Grammy Caldwell wasn’t quite as sneaky about getting folks into the kitchen and cook as I am. She loved cooking, made great food, was happy to show anyone who was interested (like me) how she did it. The rest of the folks she simply fed. Despite her straightforward approach to cooking I want to tell you a secret – she was a raisin bran basher.
Her Raisin Bran Muffins are one of those wacky doodle recipes where you transform one breakfast food into another. In this recipe you add eggs, flour, buttermilk, oil and a few other things to a box of cereal the it transforms into muffins. It wasn’t written down on her recipe card, but I remember Gram pulverizing the bran flakes with her rolling pin when she made these. No polite, gentle taps but repeated bashes till all she had was a bag of crumbs and flattened raisins. I’m guessing she figured the annihilated cereal would incorporate into the batter faster. One of the steps of this recipe which is written down is you let the batter sit overnight to allow the flavors to meld. A few years ago I was making a batch and I forgot the bashing part. I was worried it would make a difference. Thankfully I couldn’t tell the un-bashed batch from any previous bashed batches. I’m guessing it is because as the batter sits overnight the bran flakes in the cereal more or less melt (well actually they expand) into the batter. So since it doesn’t seem to make a difference I’ve stopped bashing. Of course if you feel the need to hit something with a rolling pin a bag of Raisin Bran is a good thing to whack.
This recipe makes enough batter so you can have 1-2 dozen mini muffins every day for a (school) week. I like to mix it up on Sunday night so all I have to do each morning is get up, preheat the oven while I make the kid’s lunches, then pop in one or two mini muffin pans. The mini version bakes so quickly you can have hot muffins ready before it’s time to leave for the bus. If your family is smaller than mine or they don’t like to eat the same thing day after day, you can freeze either the batter or bake all the muffins and freeze them. They also make a nice gifts for the neighbors.

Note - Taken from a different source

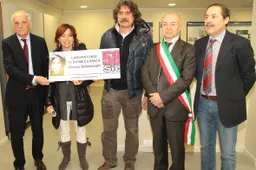Inaugurato il laboratorio "Marco Simoncelli" all'Ospedale Cervesi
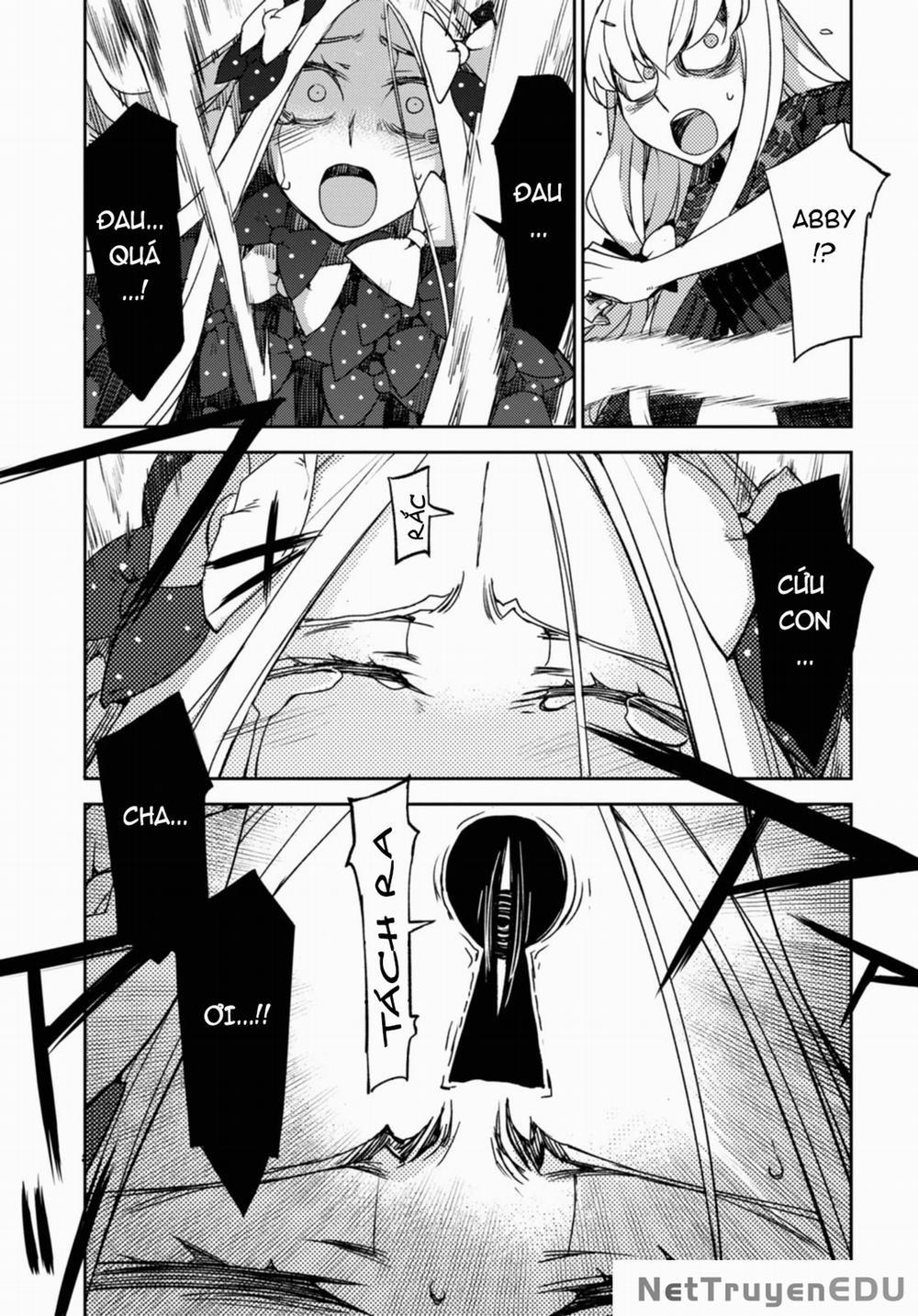 Fate/grand Order: Epic Of Remnant – Salem 47 trang 5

One Week Raisin Bran Muffins
Grammy used Post Raisin Bran, I use Kellogg’s. She used more sugar than I do, but that is a personal preference, so you may want to give the batter a taste at 1 1/2 cups to see what you think. Don’t try to keep the batter longer than 5-6 days.
1 cup oil
1 quart buttermilk
1 1/2 – 2 cups sugar
5 cups flour (I mix all-purpose flour with whole wheat and a little wheat germ if I have it)
5 teaspoons baking soda
15-17 ounces raisin bran cereal, bashed or unbashed
Preheat oven to 400ºF. Grease mini muffin pans and fill with batter to just below the top with batter. Bake 14-16 minutes. Serve while hot, though I must admit they make a nice little snack throughout the morning along with a cup of tea.
*I did not food style this commercial, but I dearly wish I had. It is brilliant and every time I watch it I get excited about how fun my chosen career can be. Kudos to the director, food stylist, prop stylist (did you notice all those purple cooking pots?!!) and all!